Abstract
Variation across dog breeds presents a unique opportunity for investigating the evolution and biological basis of complex behavioral traits. We integrated behavioral data from more than 17,000 dogs from 101 breeds with breed-averaged genotypic data (N = 5,697 dogs) from over 100,000 loci in the dog genome. Across 14 traits, we found that breed differences in behavior are highly heritable, and that clustering of breeds based on behavior accurately recapitulates genetic relationships. We identify 131 single nucleotide polymorphisms associated with breed differences in behavior, which are found in genes that are highly expressed in the brain and enriched for neurobiological functions and developmental processes. Our results provide insight into the heritability and genetic architecture of complex behavioral traits, and suggest that dogs provide a powerful model for these questions.
Introduction
Variation across dog breeds provides a unique opportunity for investigating questions about the evolution and biological basis of complex traits. For example, studies of breed differences have led to major advances in our understanding of the genetics of diseases, including cancer, metabolic disorders, and blindness (1), as well as the genetic underpinnings of morphological traits, such as body mass, coat type, and coloration (2). Despite rapid progress in these areas, we still know little about the biological basis of breed differences in behavior. For example, although breed differences in behavior are well documented (reviewed in 3), it remains unknown to what extent these differences are heritable. Further, even less is known about the genetic architecture of these behavioral traits. Are they largely polygenic – as is the case for most complex traits – or instead predominantly influenced by a small set of loci (2, 4)?
Compared to humans, dogs provide a uniquely powerful model for questions about behavioral evolution, due to a simplified genetic architecture resulting from population bottlenecks during domestication and strong selection during subsequent breed diversification (5–7). The majority of variance among modern breeds has likely resulted from the repeated crossing of novel phenotypes, which – drawing on a limited genetic toolkit – has given rise to extraordinary phenotypic diversity. In addition to these practical advantages, dogs exhibit complex cognitive and behavioral phenotypes, with striking parallels to traits in humans (8–13). For example, common genetic mechanisms contribute to individual differences in social behavior in dogs and humans, with relevance to understanding behavioral syndromes such as hypersociability (14). However, research to date has been conducted with small sample sizes from a restricted number of breeds, limiting our ability to make inferences about the evolution and biological basis of behavioral diversity across breeds (15, 16).

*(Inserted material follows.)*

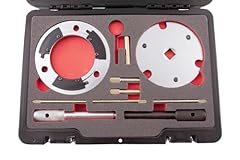Clas equipements coffret d'occasion  Livré partout en France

Here, we investigated the genetic basis of breed differences in behavior by combining a behavioral dataset of more than 14,000 dogs from 101 breeds (Table S1) with breed-typical genotypic data from over 100,000 loci across the dog genome. Drawing on these data, we quantified, for the first time, the heritability of 14 behavioral traits across breeds, and identified key genetic variants implicated in biological pathways associated with breed differences in behavior.
Results
A fundamental criterion for the evolution of a trait by natural or artificial selection is that variance in the trait is heritable. We assessed the heritability (h2) of 14 behavioral traits (Fig 1) measured by the Canine Behavioral Assessment and Research Questionnaire (C-BARQ), a well-validated instrument for quantifying diverse aspects of dog behavior (17–20), including aggression, fear, trainability, attachment, and predatory chasing behaviors. We combined behavioral data from 14,020 individual dogs with breed-level genetic identity-by-state (IBS) estimates from two independent studies (N = 5,697, Materials and Methods; Hayward et al. (4) and Parker et al. (21)), which allowed us to incorporate behavioral and genetic variance both within and across breeds. Using a mixed-effects modeling approach (Efficient Mixed-Model Association; EMMA) to control for relatedness between breeds, we found that a large proportion of variance in dog behavior is attributable to genetic factors (Fig 1). The mean heritability was 0.51 ± 0.12 (SD) across all 14 traits (range: h2 0.27-0.77), and significantly higher than the null expectation in all cases (permutation tests, p < 0.001).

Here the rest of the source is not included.